EXERCISE INSTRUCTIONS: Nothing but the lines from the line with "Happy Halloween Owl T-Shirt - Mens Black Tee" to the end of the records below should appear in the answer, each exactly as given.

Extracted data entries:
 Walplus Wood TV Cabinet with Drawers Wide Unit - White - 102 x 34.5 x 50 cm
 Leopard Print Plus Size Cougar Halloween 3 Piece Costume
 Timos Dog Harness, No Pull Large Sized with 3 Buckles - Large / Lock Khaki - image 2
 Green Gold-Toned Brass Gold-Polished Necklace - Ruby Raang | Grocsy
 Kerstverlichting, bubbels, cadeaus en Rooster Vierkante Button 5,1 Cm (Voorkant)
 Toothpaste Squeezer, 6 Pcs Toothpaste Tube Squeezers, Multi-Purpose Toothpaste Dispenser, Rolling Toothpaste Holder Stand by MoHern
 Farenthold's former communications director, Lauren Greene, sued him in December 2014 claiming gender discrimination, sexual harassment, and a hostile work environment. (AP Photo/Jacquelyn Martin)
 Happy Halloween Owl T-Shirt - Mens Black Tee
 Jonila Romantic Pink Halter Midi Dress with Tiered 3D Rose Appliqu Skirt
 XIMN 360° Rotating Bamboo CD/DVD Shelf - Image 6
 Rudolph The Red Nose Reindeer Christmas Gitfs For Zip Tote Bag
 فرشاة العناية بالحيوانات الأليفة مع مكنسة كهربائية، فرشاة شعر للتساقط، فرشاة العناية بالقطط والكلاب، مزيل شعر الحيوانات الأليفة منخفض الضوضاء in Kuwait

ANSWER TO THIS PROBLEM:
 Happy Halloween Owl T-Shirt - Mens Black Tee
 Jonila Romantic Pink Halter Midi Dress with Tiered 3D Rose Appliqu Skirt
 XIMN 360° Rotating Bamboo CD/DVD Shelf - Image 6
 Rudolph The Red Nose Reindeer Christmas Gitfs For Zip Tote Bag
 فرشاة العناية بالحيوانات الأليفة مع مكنسة كهربائية، فرشاة شعر للتساقط، فرشاة العناية بالقطط والكلاب، مزيل شعر الحيوانات الأليفة منخفض الضوضاء in Kuwait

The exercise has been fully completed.